MARCELINE FRANCES SULLIVAN
November 26, 1926 – February 16, 2017
In the twinkling of an eye, all has changed. Our constant North Star has become our eternal flame. House Sullivan has lost its Queen.
Marceline Sullivan returned to God’s embrace on February 16, 2017, at age 90. She was so much to so many, our fiery, brilliant, and fun-loving matriarch, who personified joy and zest for life and showed how exceptionally one could live it.
Mother to nine, grandmother to 17 and great-grandmother to 14, she was our incomparable ringleader, our irrepressible Granny Thrash. She was grace, wisdom and love unbounded.
Her uncommon life began nine decades ago in the Jazz Age. She was born to Frank and Marian Schroll in Kansas City, Mo., on November 26, 1926. She was both country girl and city girl, raised by grandparents in the farmlands of Greenleaf, Kan., during the Great Depression, and educated as a teenager in Lincoln, Neb., amid World War II.
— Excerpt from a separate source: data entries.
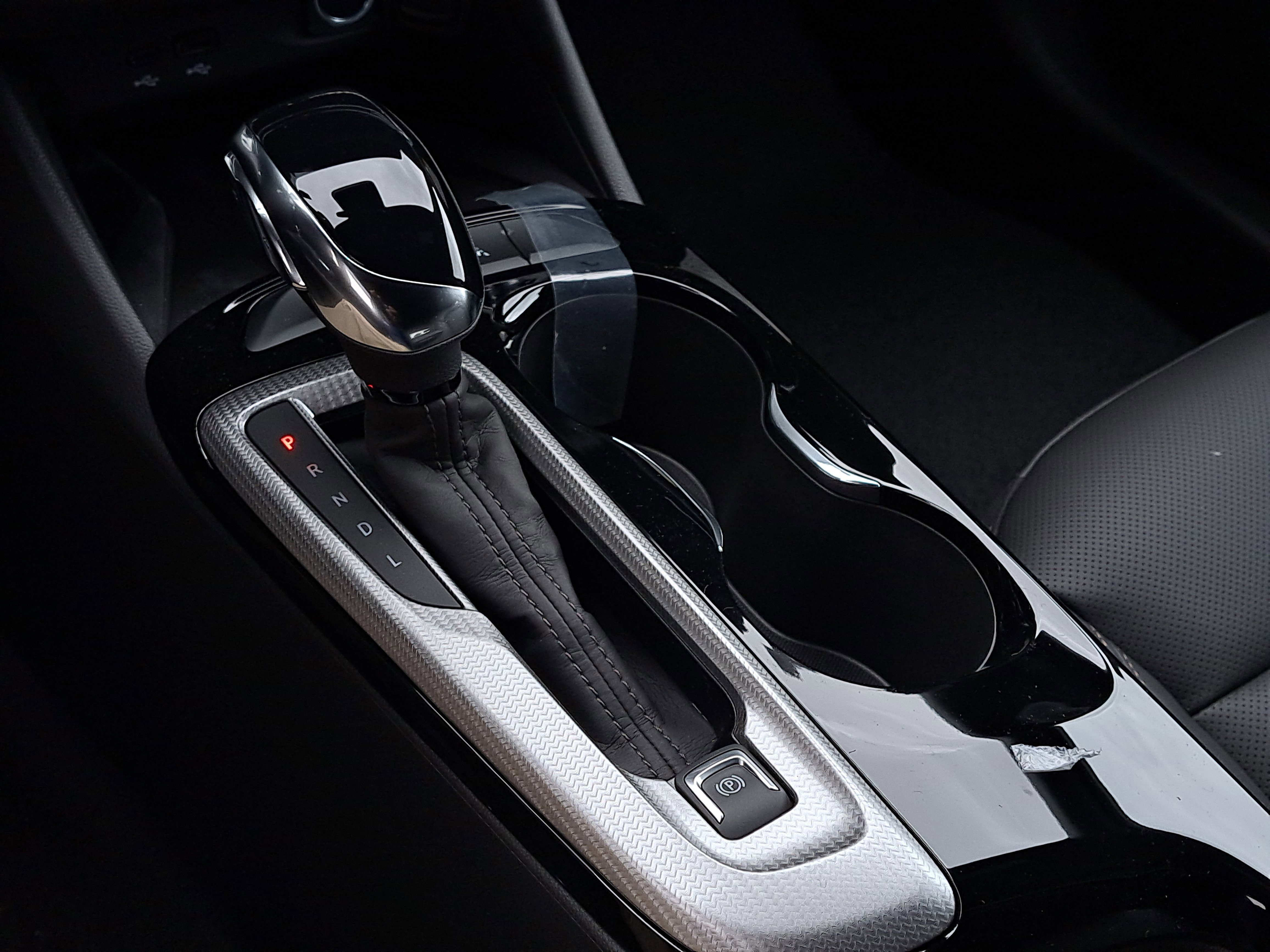 New 2026 Buick Envista Avenir image 32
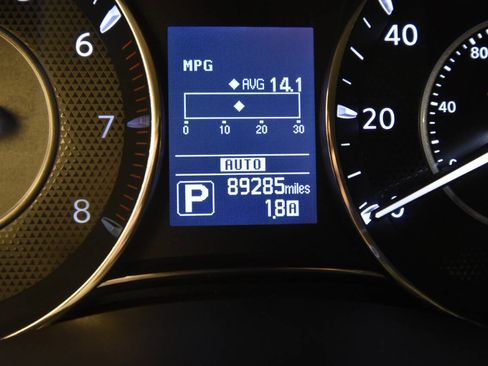 Used 2018 Nissan Armada SV w/ Driver Package image 33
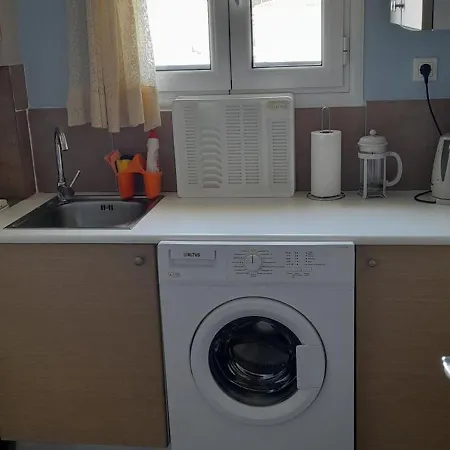 Aparthotel Constantsia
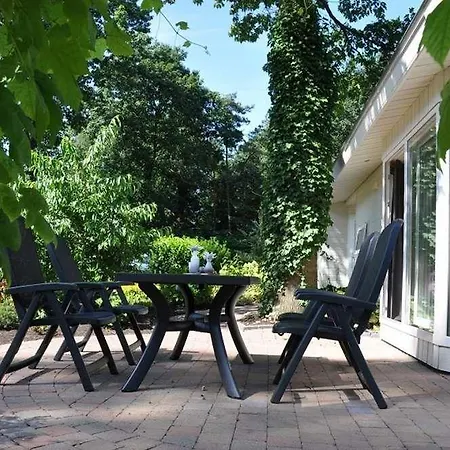 Bospark Holiday park 3*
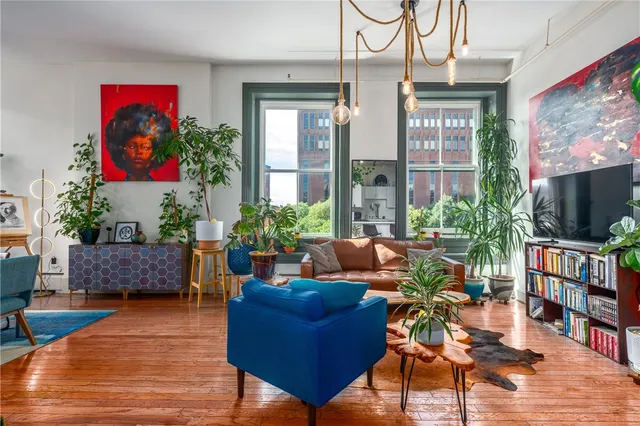 $469,000 | 385 Westminster Street, Unit 5C, Providence, RI 02903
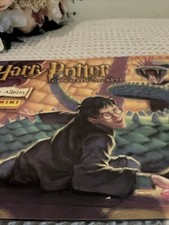 2003 Panini Harry Potter und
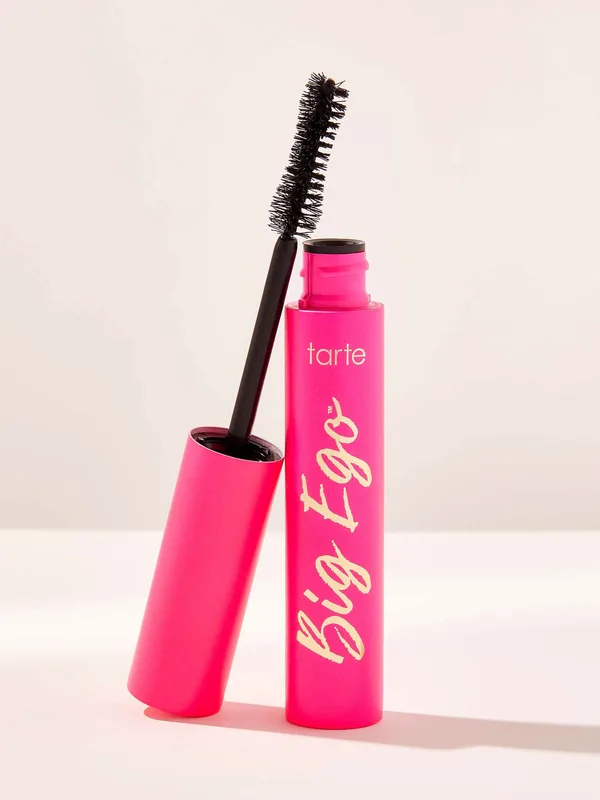 Cosmetics big ego vegan mascara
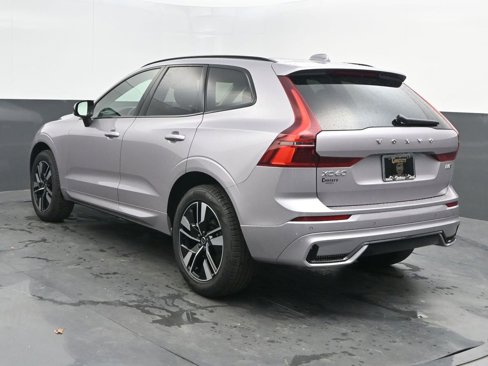 New 2026 Volvo XC60 B5 Core w/ Climate Package image 5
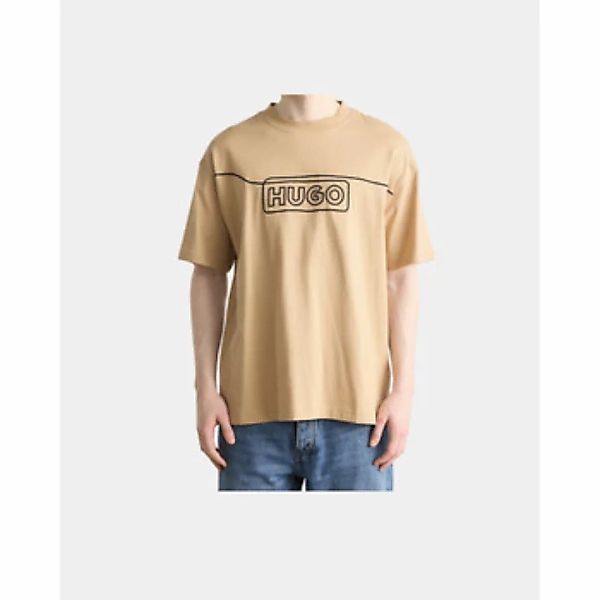 BOSS  T-Shirt 50530341 NOIDERYO günstig online kaufen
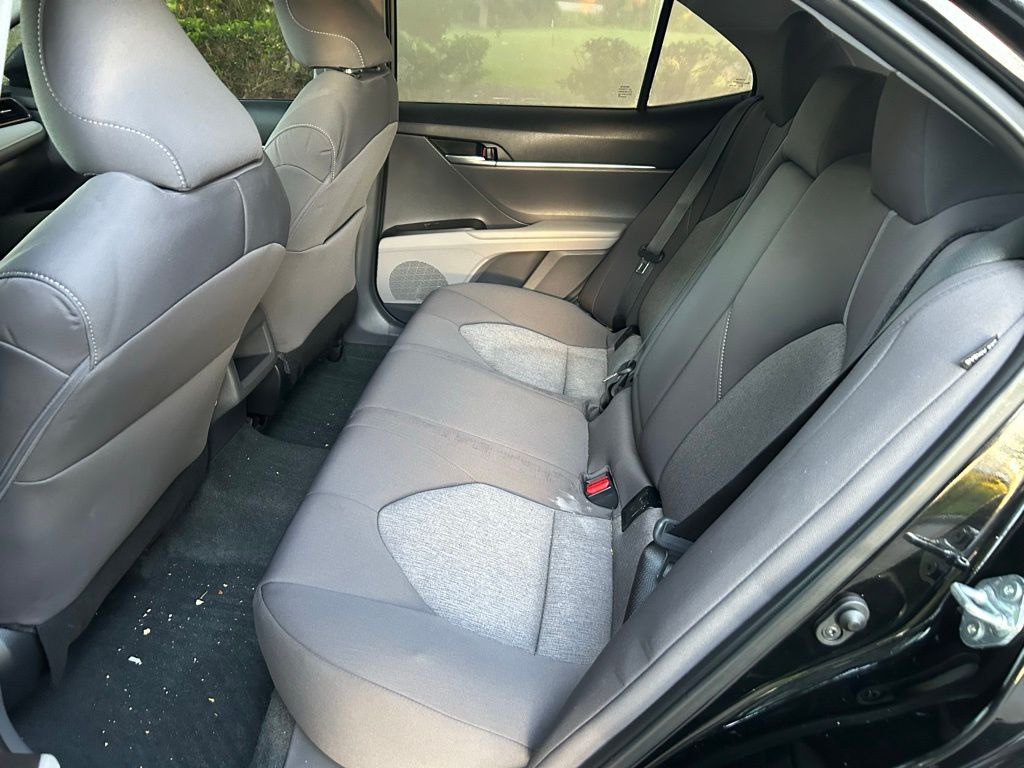 Thumbnail: 2023 Toyota Camry - 13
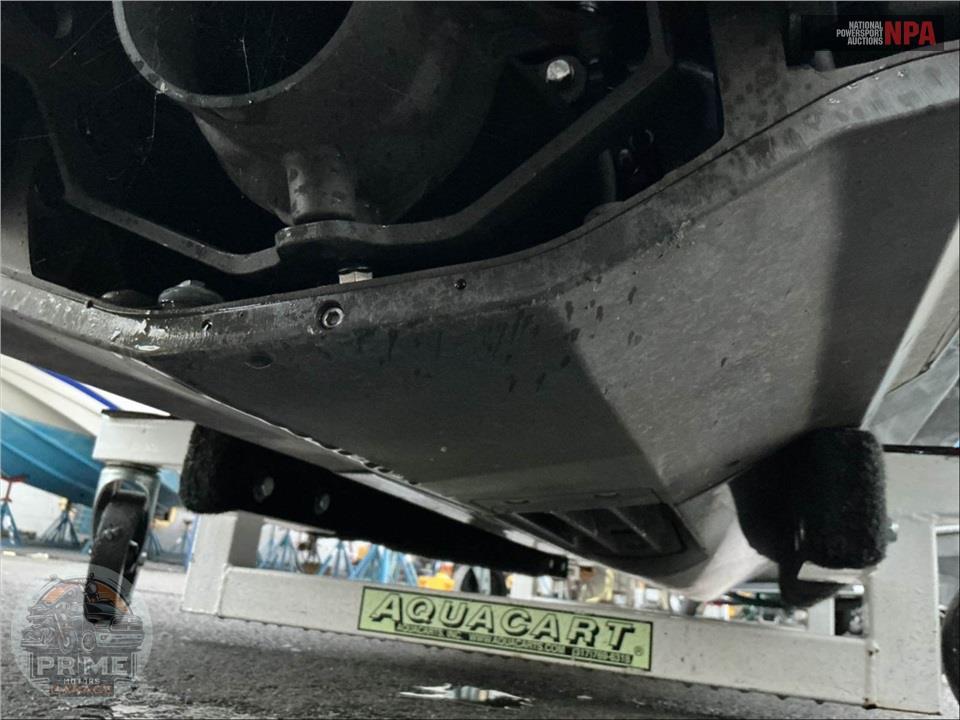 2022 Seadoo/Brp GTX 300 SOUND SYSTEM — фото 15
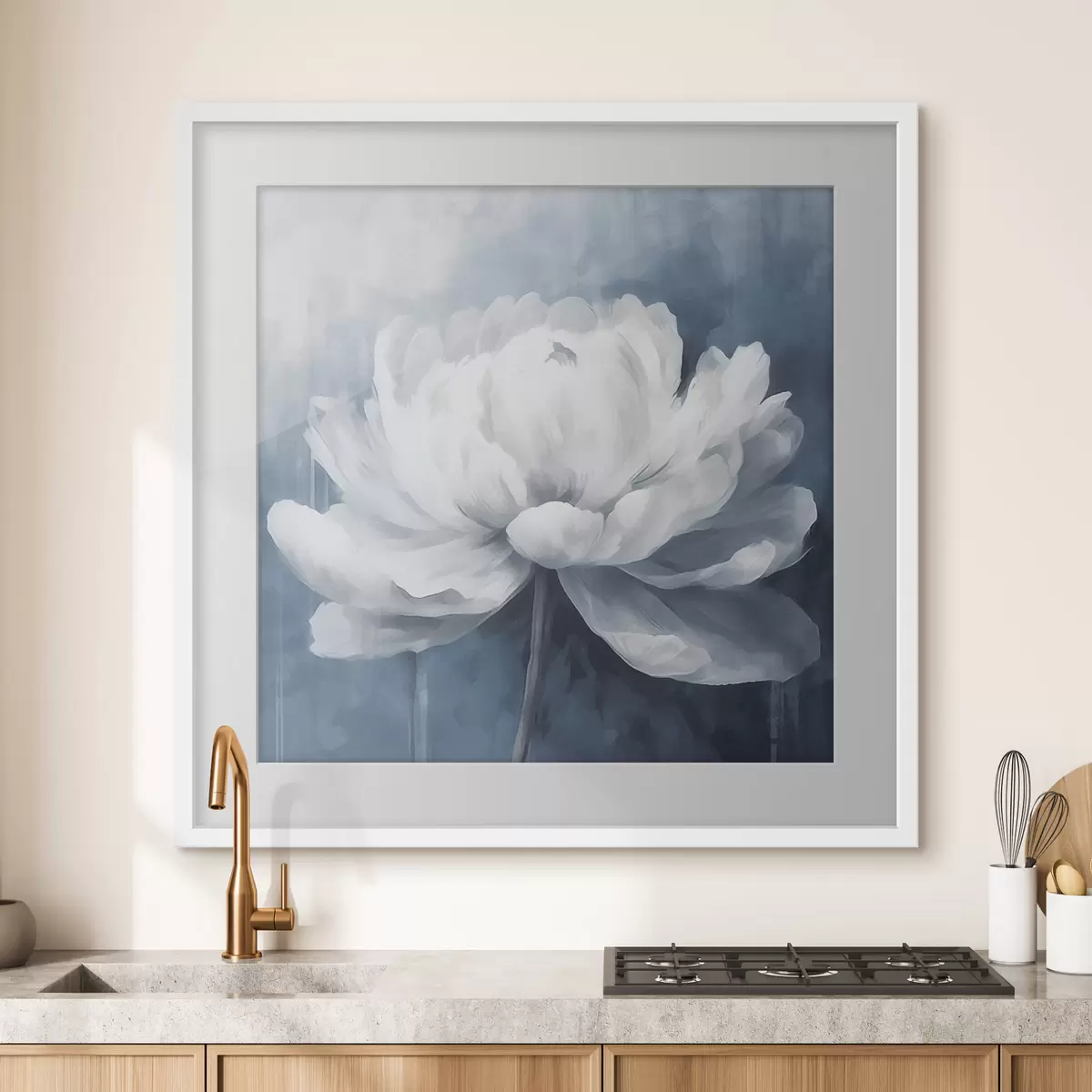 Poster Nostalgie et inspiration f41689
She was the 1943 valedictorian at Cathedral High School in Lincoln at age 16 and a student at Mount St. Scholastica College in Atchison, Kan., leaving after one year to teach in country schoolhouses in Greenleaf and Barnes, Kan.
The 1940s’ Marcie Schroll was a big band era knockout, with pin-up looks and extraordinary intelligence and character. The combination torpedoed a young sailor home briefly on leave from the Navy. Leo Sullivan proposed marriage after just one week. The two corresponded constantly for the remaining two years of the war and married in 1946.
A military wife from the late 1940s through early 1960s, Marcie held down the fort as the Navy stationed the family in Nebraska and Pennsylvania. Then came civilian life, and a move to Ogden, where the Sullivans put down roots in 1966.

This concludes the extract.